活き活きと生きゆくことが、活き活きと死にゆくことだと納得すれば、心やすらぐ。

これは或る有徳の女性仏教者の随想集から引用されたものだったが、シンプルにかなり納得して心が軽くなった。たぶん今を一生懸命生きる!!人生謳歌!!みたいなのが人生として正解なんだと思いつつ絶対そうはなれなそうな自分を卑下する気持ちが和らいだのだと思う。死を見つめることで活気が持てるというのは不思議だな。

愛するということは自分のすべてを滅ぼして、ただ相手のためだけに、ただ相手の中にだけ生きようとすることだ。だけど、そんなことは誰にもできやしない。

作中何度か出てくるこの考え方だが、実は私もこれと同じように、自分を捨て置いて相手のために尽くすことを、お互いできればそれがいちばん幸せだとも、でもそれが不可能だろうとも思っている。そんな重くも斜に構えた状態でまともに恋愛できるわけないなと思っていたが、この作品を読んでやっぱりそうだなと痛感した。読後、いまだに「愛」をだいぶ見失っているが、そういえば「僕」と枝里子の間にあったのは「愛」っぽかったな~と今思えてきたのでそれを忘れずにいたい。
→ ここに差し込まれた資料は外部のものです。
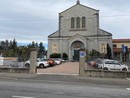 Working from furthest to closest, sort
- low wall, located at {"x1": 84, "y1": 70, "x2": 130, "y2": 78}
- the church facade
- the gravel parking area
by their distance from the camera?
the church facade → the gravel parking area → low wall, located at {"x1": 84, "y1": 70, "x2": 130, "y2": 78}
自分の話ばかりしてしまったが、逆に自分を浮かび上がらせる一冊ともいえる。さほど読みやすさはないし人に薦めたいかといわれると微妙なとこもあるが、いつ読んでもきっと今読めてよかったなと思う気がするので、いろんな人にいろんなタイミングで読まれてほしい。

まあ私がそんなこと言うまでもなく読まれてるか。